1

I wan to remove Control Return and merge lines in one text file and limit number of characters

input.txt containing:

comment 1
comment 2 
...
comment n 

output.txt should one strings:

comment 1 comment 2 ... commnet n

BUT the ouput.txt should be limited to i.e. 32 of characters:

comment 1 comment 2 comment 3 co

Can I use sed, awk tr or somthing else?

George Udosen
  • 37,674

4 Answers4

1
head -c 32 input.txt | tr '\n' ' ' > output.txt
  • head -c 32 discards all but the first 32 bytes.

  • tr '\n' ' ' replaces all newline characters with space characters.

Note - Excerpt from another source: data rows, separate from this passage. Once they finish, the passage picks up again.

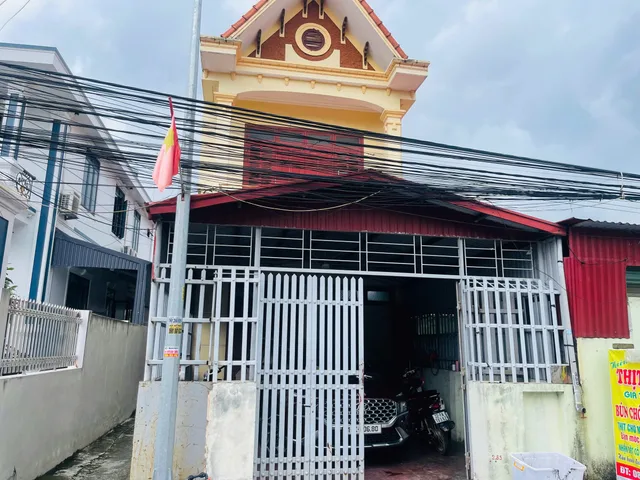 Bất động sản tại Hải Phòng - ảnh 1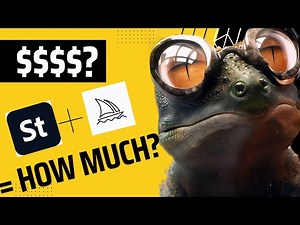 FULL TUTORIAL - Selling Ai generated artwork to adobe stock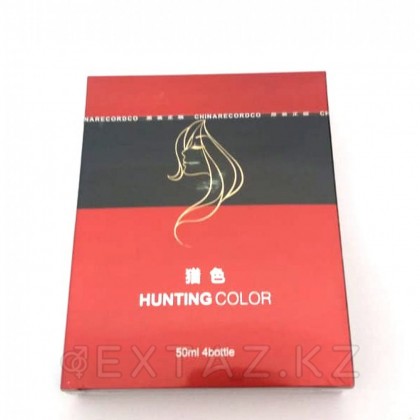 Женский возбудитель Hunting color 50 ml. от sex shop Extaz фото 3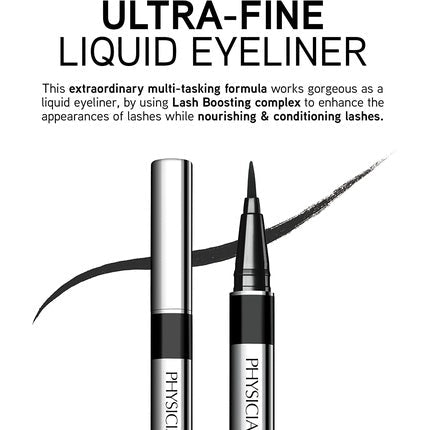 Physicians Formula Eye Booster Lash - Boosting Serum and Eyeliner with High - Tech Japanese Formula - Maison des fragrances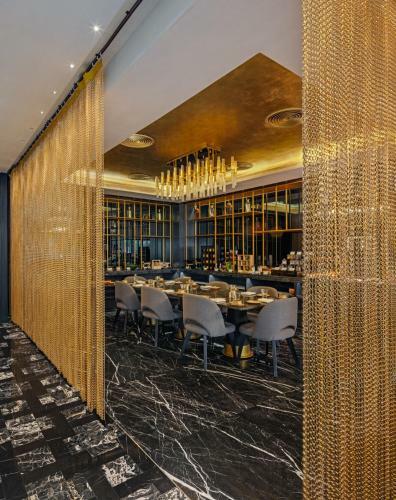 Hotel The Park Mumbai Juhu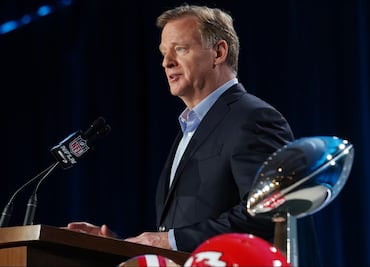 La NFL confirma dos juegos más en México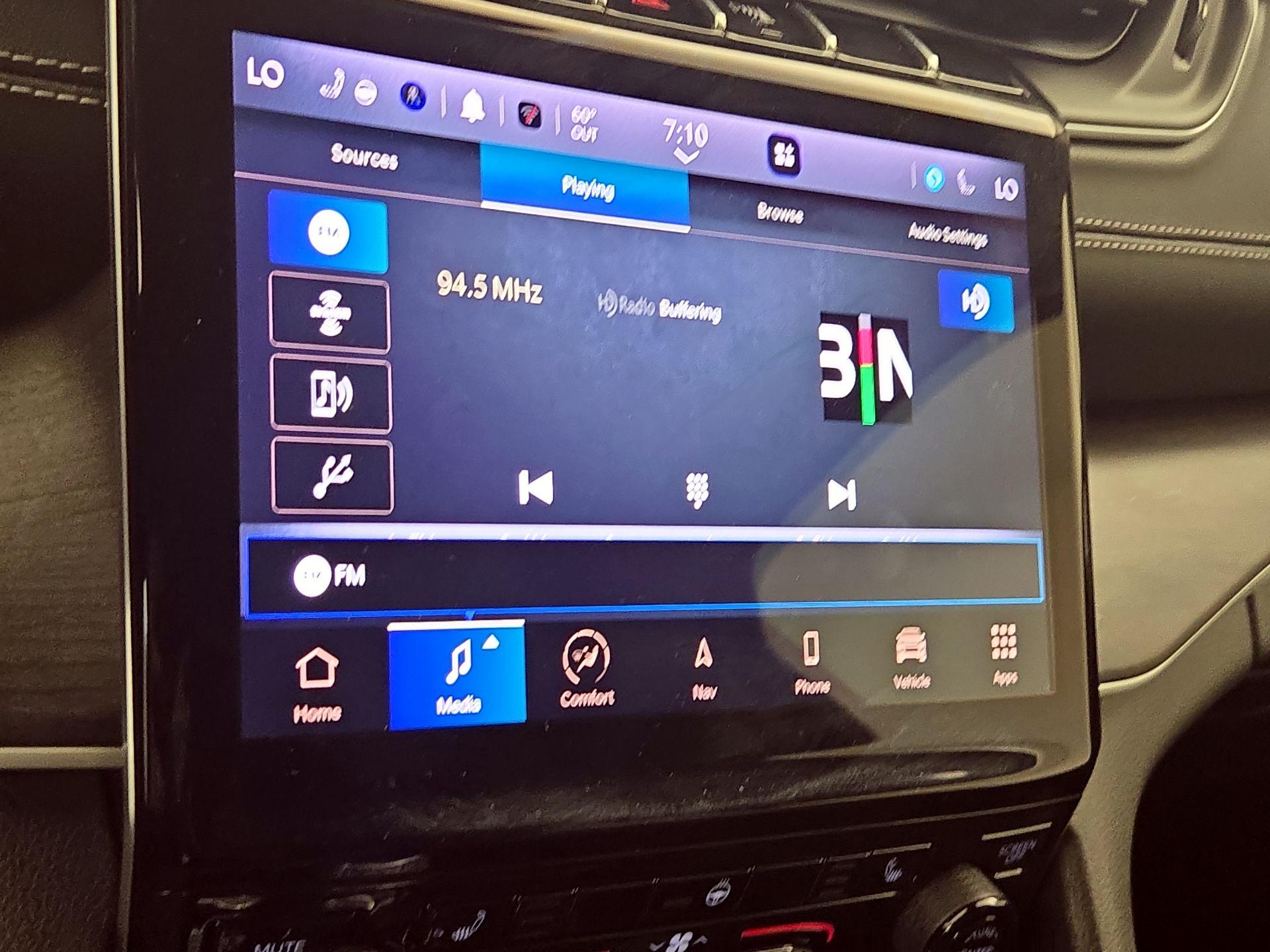 Thumbnail: 2023 Jeep Grand Cherokee - 16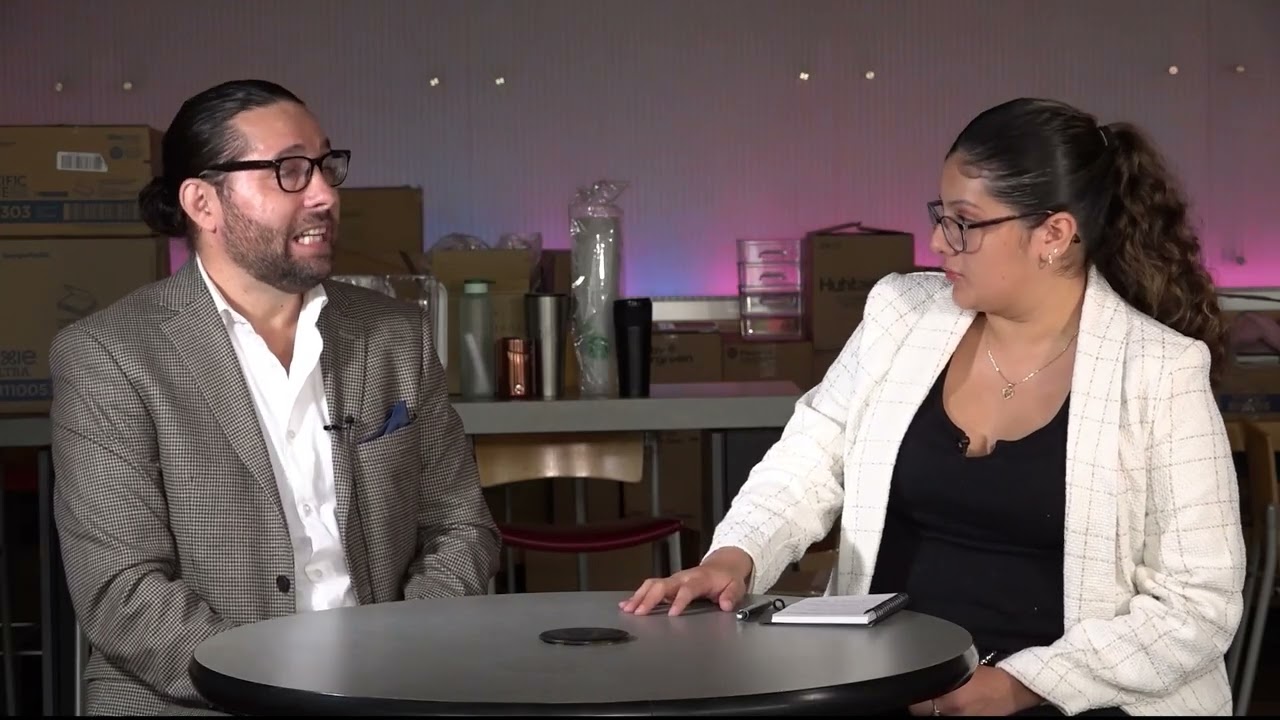 What is Team NewsLab?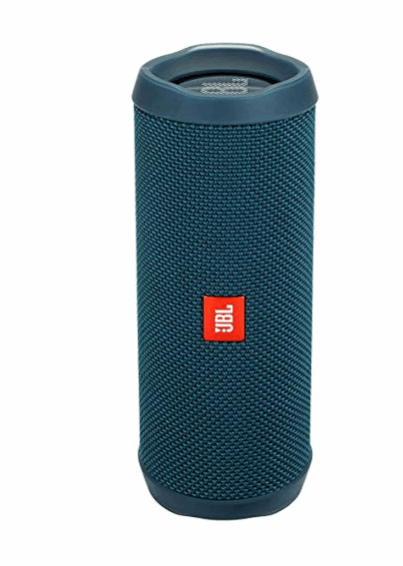 waterproof bluetooth speaker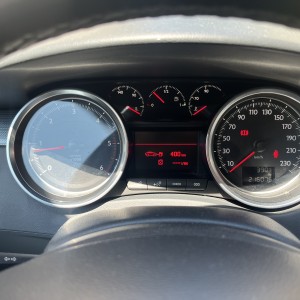 Peugeot 508, 2013. godište, 1.6 Diesel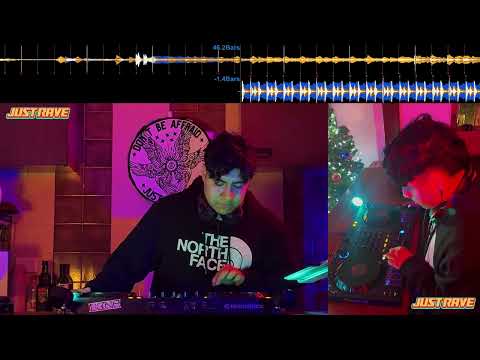 JUST RAVE: Zack Orsen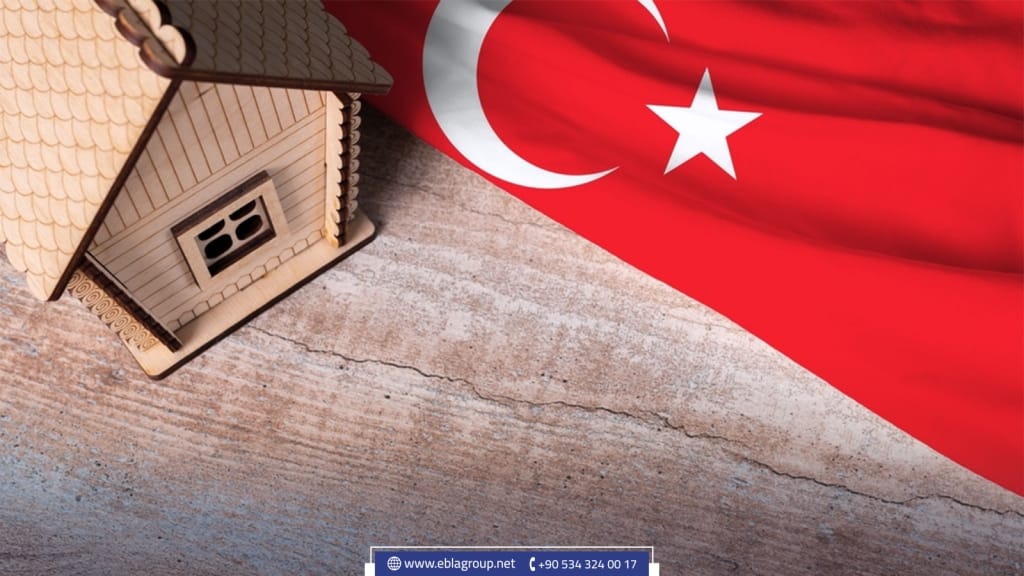 طرق تمنح الجنسية التركية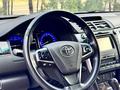 Toyota Camry 2017 годаfor12 950 000 тг. в Алматы – фото 88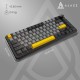 Клавиатура Ajazz AK820 MAX PLUS Daydream Switch RGB Wireless/Bluetooth/USB Black (AK820MAX-DD-BGY) Клавиатура Ajazz AK820 MAX PLUS Daydream Switch RGB Wireless/Bluetooth/USB Black (AK820MAX-DD-BGY)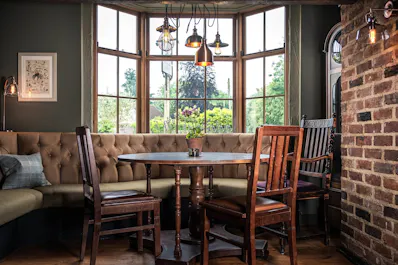 The Cricketers - Saffron Walden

If you want to limit characters instead of bytes in case of multi-byte character encodings you can use grep instead:

tr '\n' ' ' < input.txt | grep -oEe '^.{,32}' > output.txt
David Foerster
  • 36,900
  • 56
  • 98
  • 152
0

The safe and easy way to merge lines of a text file is to use paste command:

$ cat input.txt
comment 1
comment 2 
...
comment n

$ paste -s -d ' ' <input.txt >output.txt

$ cat output.txt comment 1 comment 2 ... comment n

You can change the delimiter -d ' ' to any other character of your choice.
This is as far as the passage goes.